— Source data —
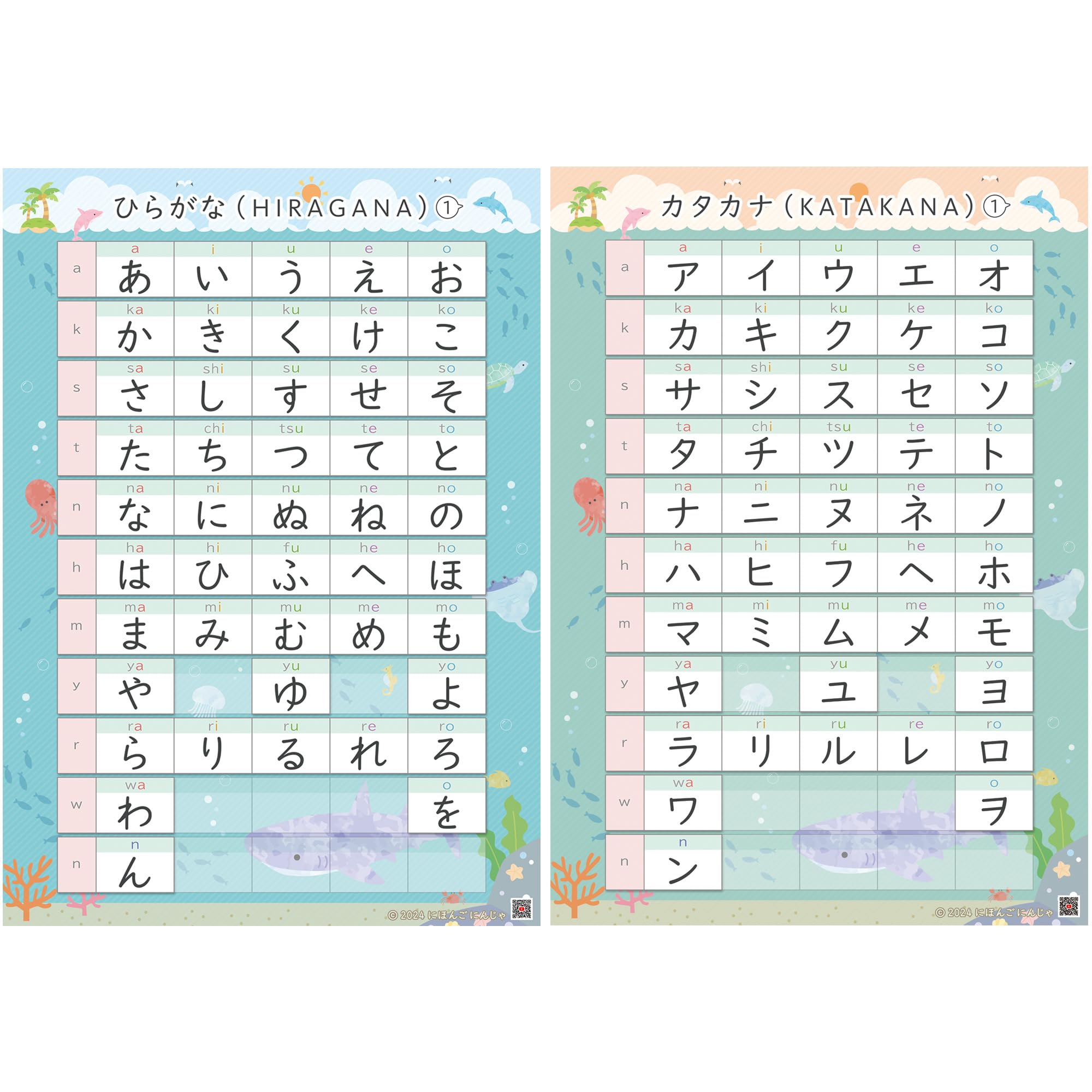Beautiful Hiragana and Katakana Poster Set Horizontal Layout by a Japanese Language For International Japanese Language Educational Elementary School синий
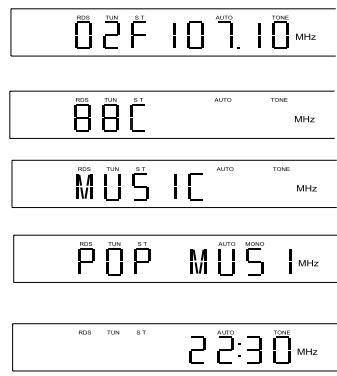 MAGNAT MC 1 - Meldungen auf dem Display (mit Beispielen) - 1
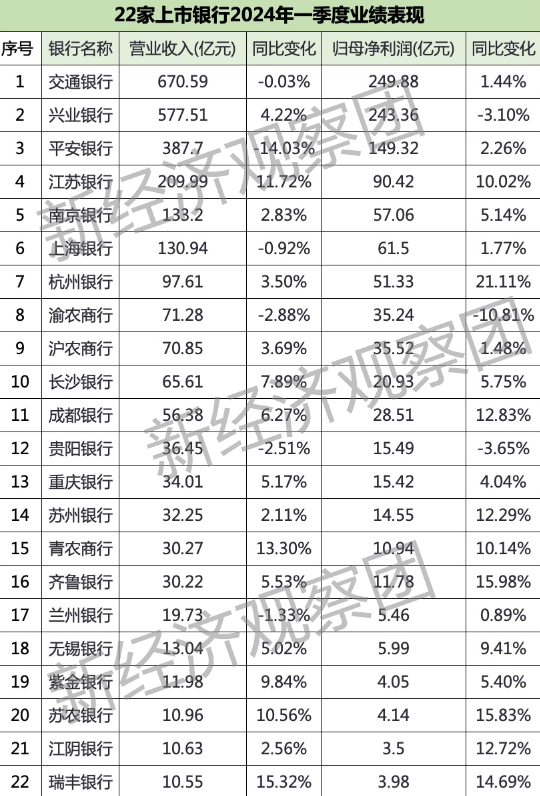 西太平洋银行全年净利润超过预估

— Assigned task —
Give the listing above again in its entirety and exactly; do not include the pictures.

— Exercise result —
Beautiful Hiragana and Katakana Poster Set Horizontal Layout by a Japanese Language For International Japanese Language Educational Elementary School синий
 MAGNAT MC 1 - Meldungen auf dem Display (mit Beispielen) - 1
 西太平洋银行全年净利润超过预估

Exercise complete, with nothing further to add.